Action item: Beginning with the line that holds "A sleek modern", copy every remaining line of the listing below exactly, and leave the pictures out.

****************

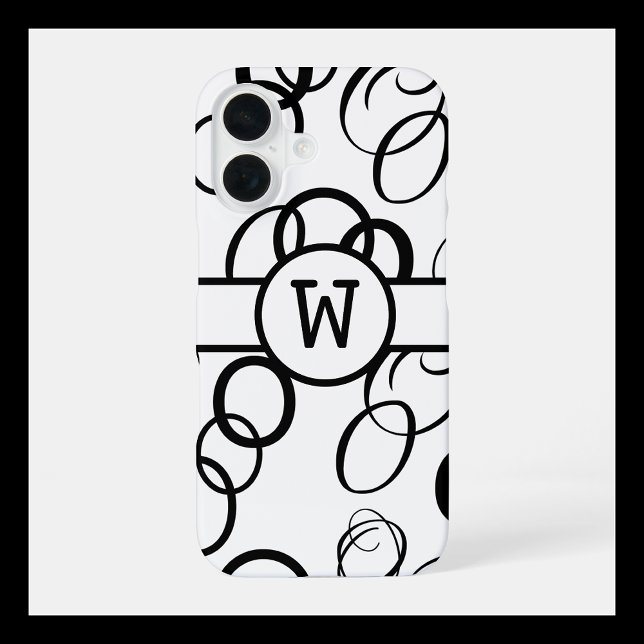 Coque iPhone 16 Monogramme personnalisé noir et blanc avec des bou (Créateur téléchargé)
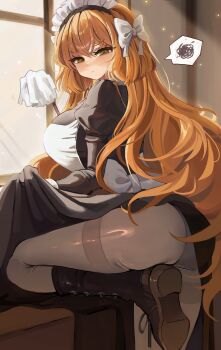 Rule 34 | 1girl, absurdres, apron, ass, black boots, black dress, blush, boots, bow, breasts, brown eyes, brown pantyhose, closed mouth, clothes lift, commentary, dress, dress lift, freckles, hair between eyes, hair bow, highres, indoors, ishmael (project moon), juliet sleeves, large breasts, light particles, limbus company, long sleeves, looking at viewer, maid, maid apron, maid headdress, orange hair, pantyhose, project moon, puffy sleeves, saeda8e, skirt hold, solo, spoken squiggle, squiggle, thighband pantyhose, v-shaped eyebrows, white apron, white bow, white headdress, window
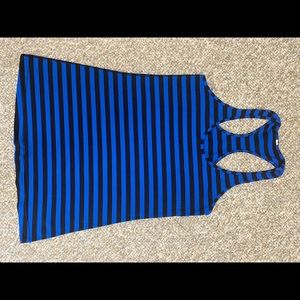 LULUlemon racer back tank size large (no shelf bra)black/blue stripe.  L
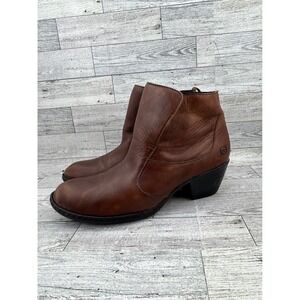 Born Shoes Brown Leather Ankle Boots Women Size‎ 7 Heel Comfort Shoes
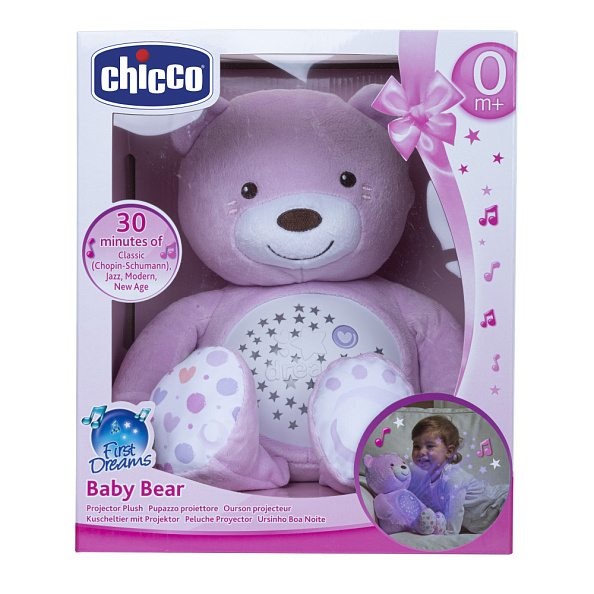 Chicco игрушка-проектор мягкая музыкальная Мишка, розовый - фото  10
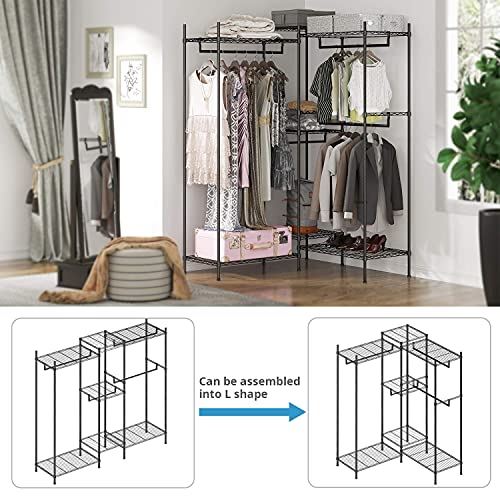 5 Tiers Metal Clothing Rack, 74.4��� L x 17.7��� W x 76.8��� / Max Load 600LBS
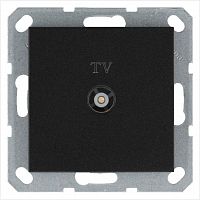 Розетка телевизионная оконечная TV Ф9.5мм механизм антрацит Jasmart G6001B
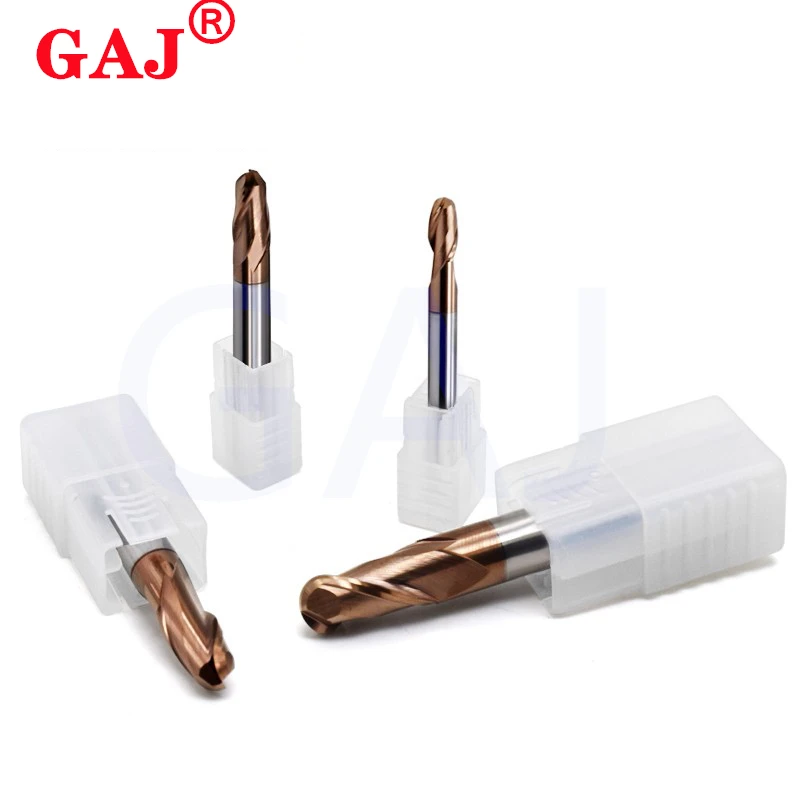 Fresa de 2 flautas HRC55, fresa de extremo de punta de bola de carburo de acero de tungsteno de aleación para mecanizado de metales mecánicos CNC, herramientas de fresas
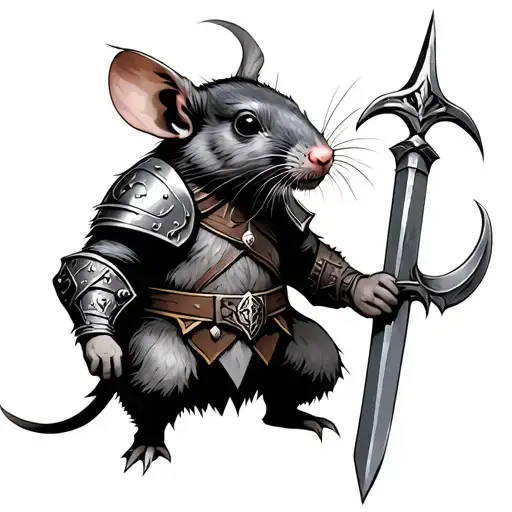 rat wearing a great helm and wielding a claymore tattoo design idea
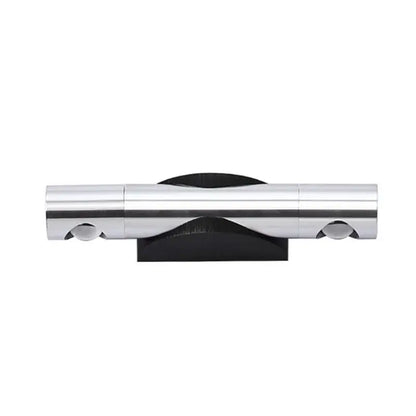 A sleek modern silver chrome rotatable wall lamp with dual adjustable spotlights and a minimalist black base by decorbites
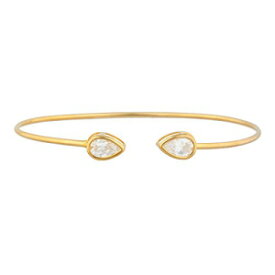 14Kゴールド製ホワイトサファイアペアーベゼルバングルブレスレット Elizabeth Jewelry 14Kt Gold Created White Sapphire Pear Bezel Bangle Bracelet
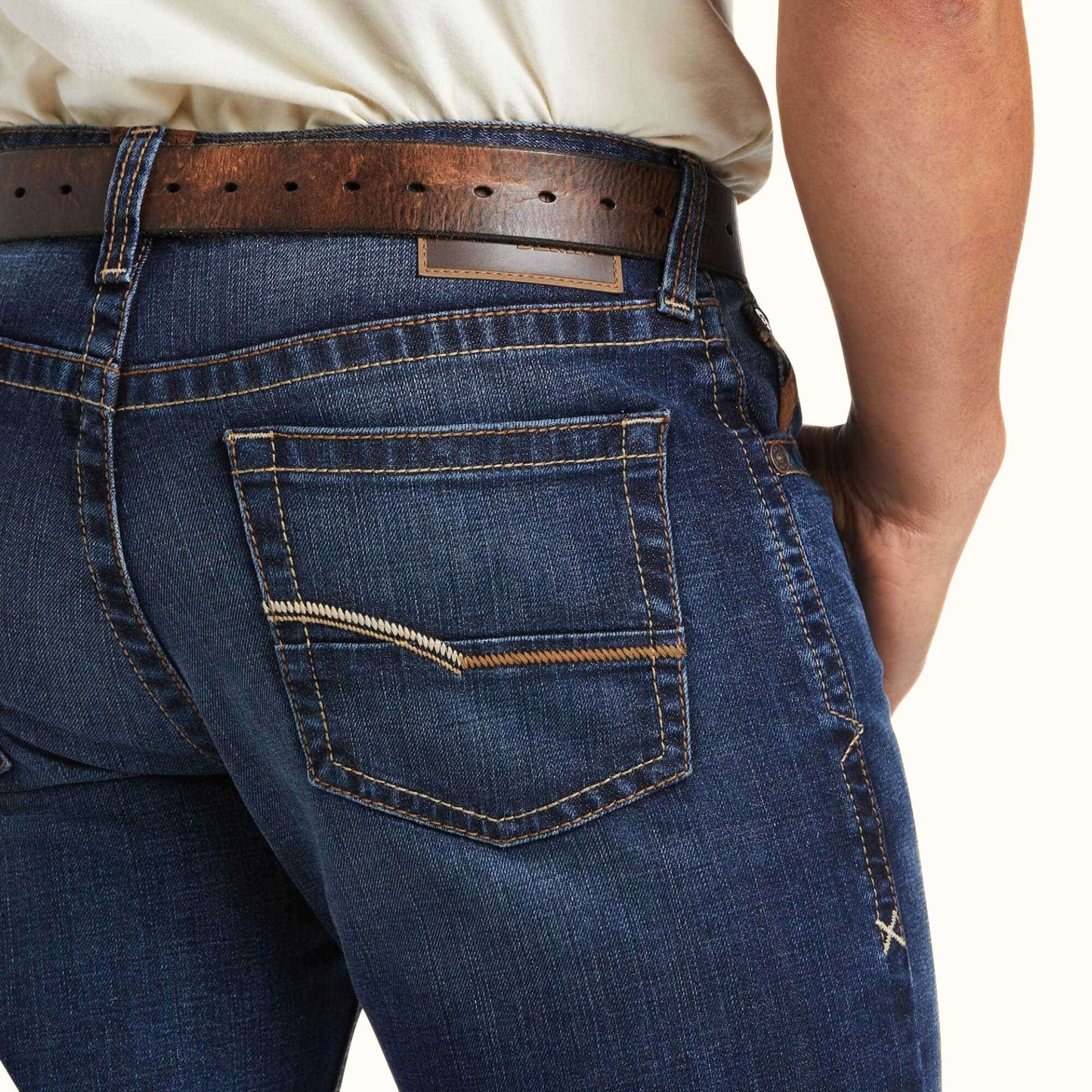 Ariat M1 Vintage Stretch Esteban Stackable Straight Leg Men’s Jeans back pocket detail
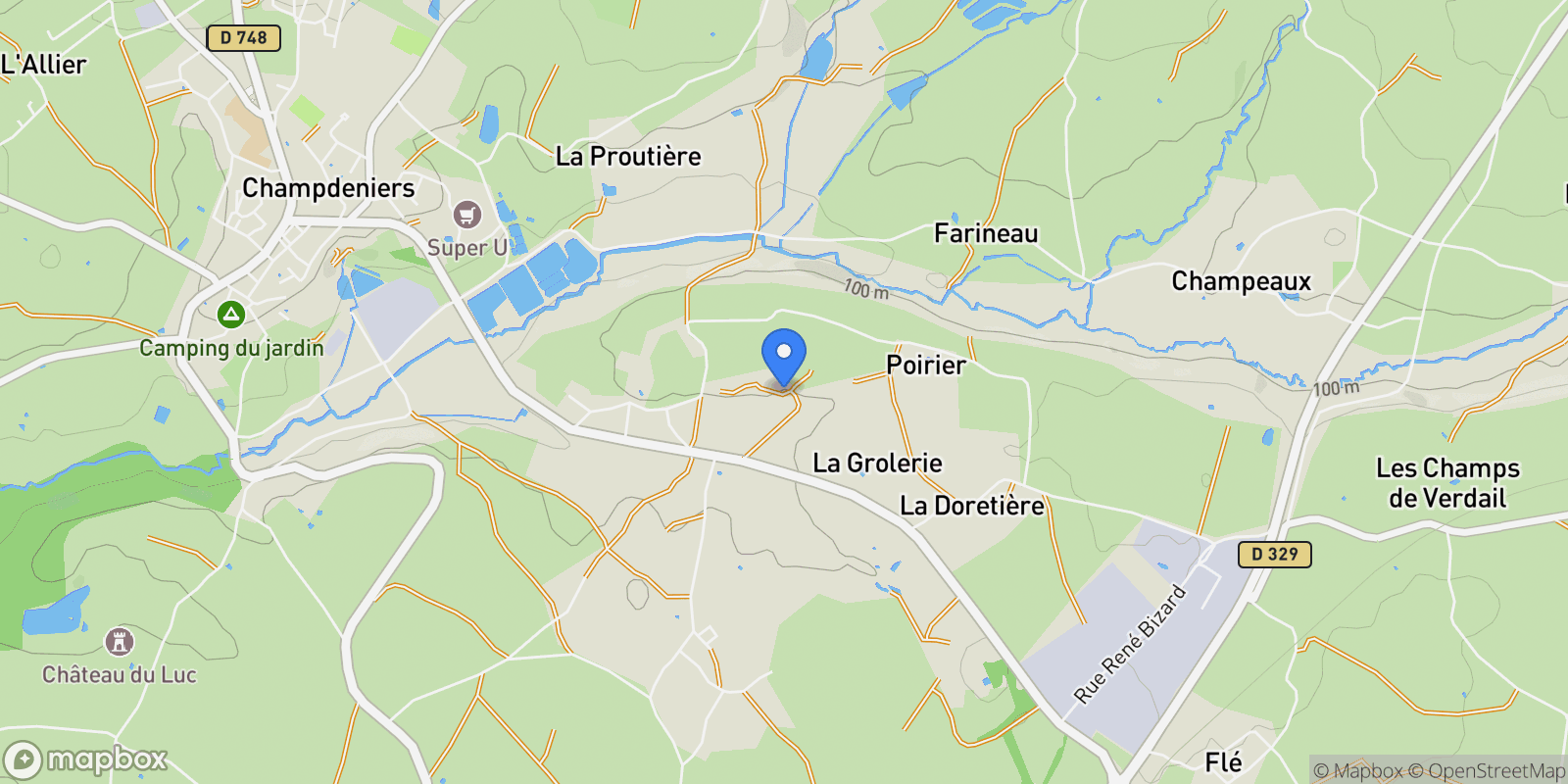 Map showing Champdeniers, Nouvelle-Aquitaine, France.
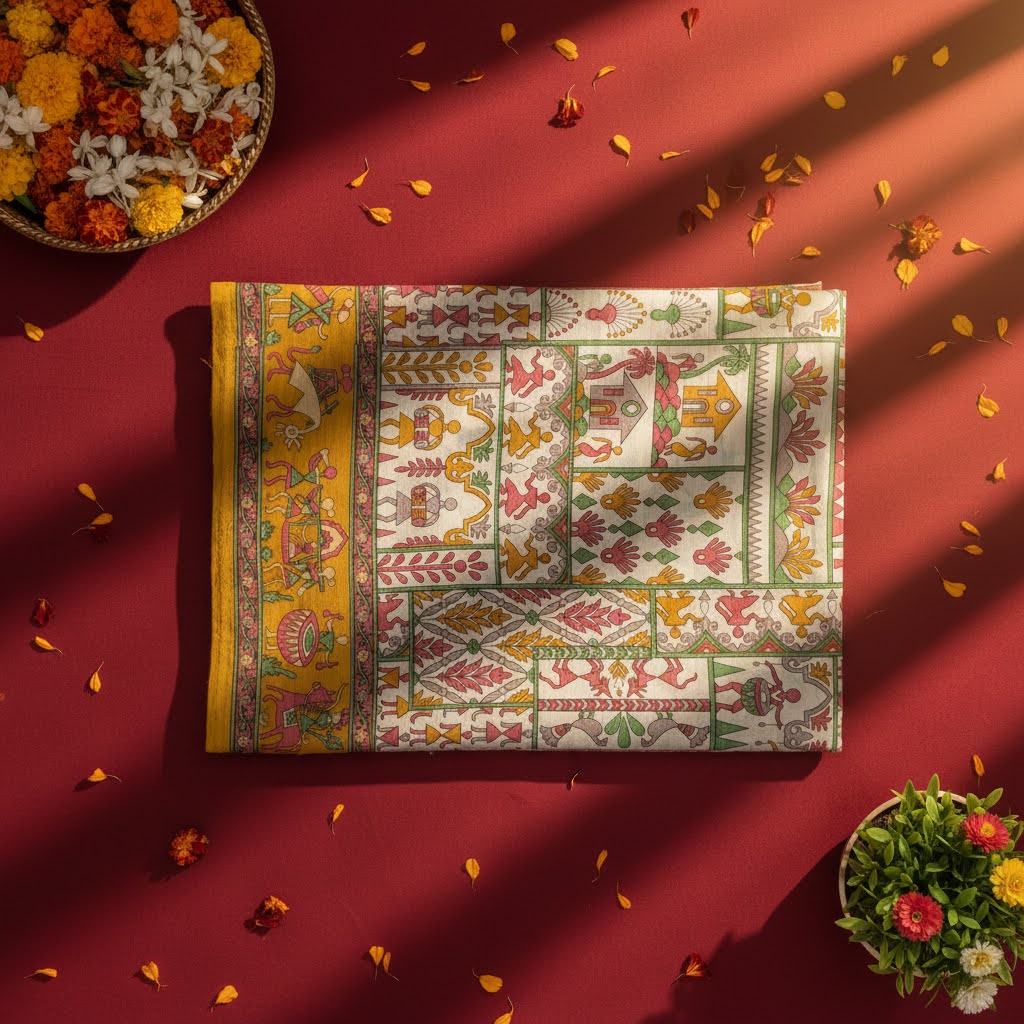 Kuberan off white Kalamkari Temple Fancy Saree
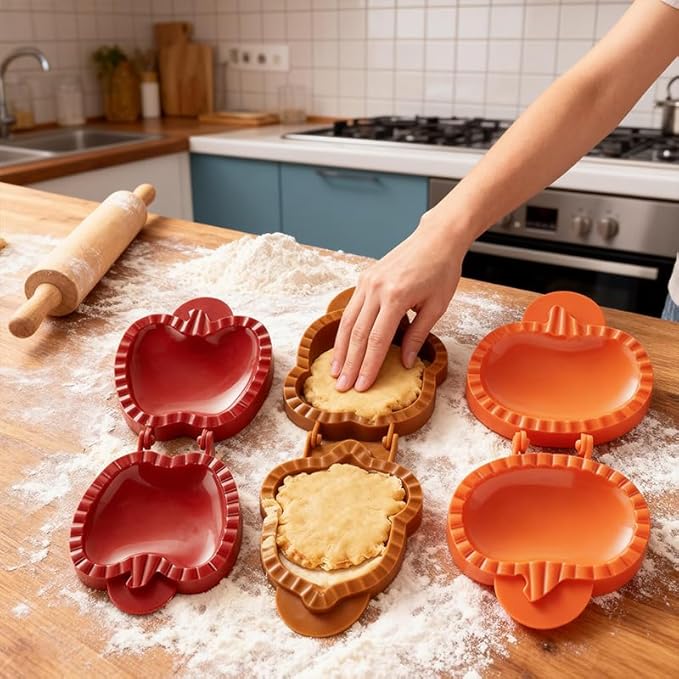 3PCS Mini Pie Molds – Apple, Pumpkin & Acorn Shaped Dough Press Set for Fall Baking, Hand Pies, Holiday Desserts & Party Potlucks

****************

Result for this exercise:
 A sleek modern silver chrome rotatable wall lamp with dual adjustable spotlights and a minimalist black base by decorbites
 14Kゴールド製ホワイトサファイアペアーベゼルバングルブレスレット Elizabeth Jewelry 14Kt Gold Created White Sapphire Pear Bezel Bangle Bracelet
 Ariat M1 Vintage Stretch Esteban Stackable Straight Leg Men’s Jeans back pocket detail
 Map showing Champdeniers, Nouvelle-Aquitaine, France.
 Kuberan off white Kalamkari Temple Fancy Saree
 3PCS Mini Pie Molds – Apple, Pumpkin & Acorn Shaped Dough Press Set for Fall Baking, Hand Pies, Holiday Desserts & Party Potlucks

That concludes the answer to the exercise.